Weekly House View | Die Zölle sind tot, es leben die neuen Zölle
Wochenrückblick
An den Märkten stieg letzte Woche die Unsicherheit, nachdem in den USA der Supreme Court viele der von Präsident Donald Trump verhängten globalen Zölle für rechtswidrig erklärt hatte. Das Gericht hatte entschieden, dass Trumps Anwendung des International Emergency Economic Powers Act (IEEPA) aus dem Jahr 1977 eine unzulässige Überschreitung seiner Notstandsbefugnisse darstellt. Unklar blieb allerdings, ob Unternehmen Anspruch auf die Rückerstattung bereits gezahlter Zölle haben. Die auf Grundlage des IEEPA erhobenen Zölle belaufen sich auf rund USD 134 Mrd., das sind 0,4% des BIP. Die amerikanischen Unternehmen bereiten nun Rückforderungen vor.
Das Urteil beflügelte die Aktienmärkte am Freitag und verhalf dem S&P 5001 für die Woche zu einem Rekordplus von 1,1% (in USD).
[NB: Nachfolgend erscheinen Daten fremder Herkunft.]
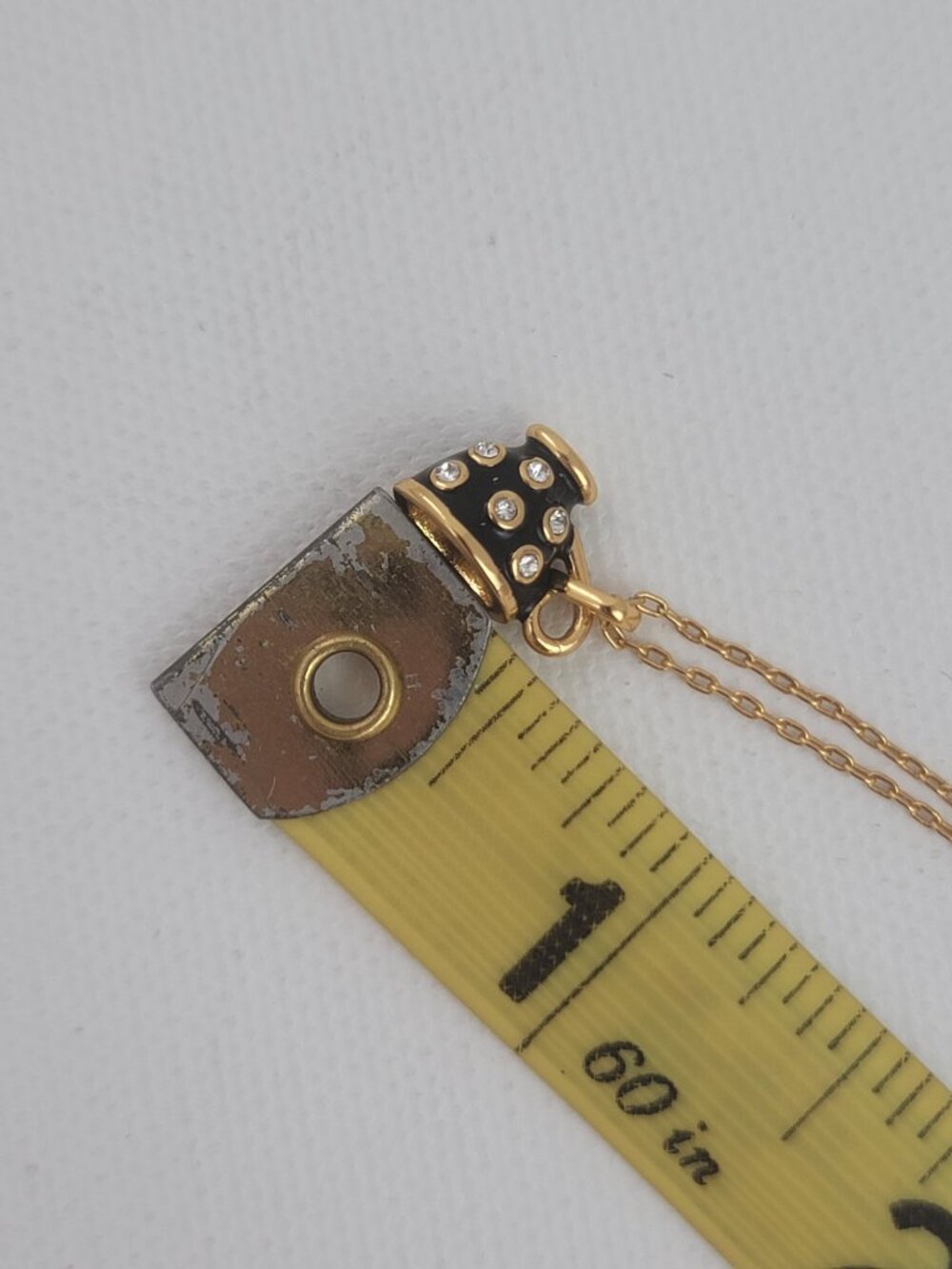 Kate Spade Alice in Wonderland Mini Teacup Crystals Pendant Gold-Tone Necklace - Picture 12 of 12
Allerdings reagierte Trump auf das Urteil mit einer neuen Importabgabe in Höhe von zunächst 10%, die er am nächsten Tag auf 15% erhöhte. Er berief sich dabei auf den Trade Act von 1974, der dem Präsidenten erlaubt, Einfuhrbeschränkungen für eine Dauer von bis zu 150 Tagen zu erlassen.
Zu weiterer Unsicherheit führten die zunehmenden Spannungen um den Iran. Trump, der eine riesige Streitmacht im Nahen Osten zusammengezogen hat, gab dem Iran 15 Tage Zeit für eine Einigung mit den USA, andernfalls würden „schlimme Dinge passieren“. Der Iran hielt Marineübungen in der Strasse von Hormus ab.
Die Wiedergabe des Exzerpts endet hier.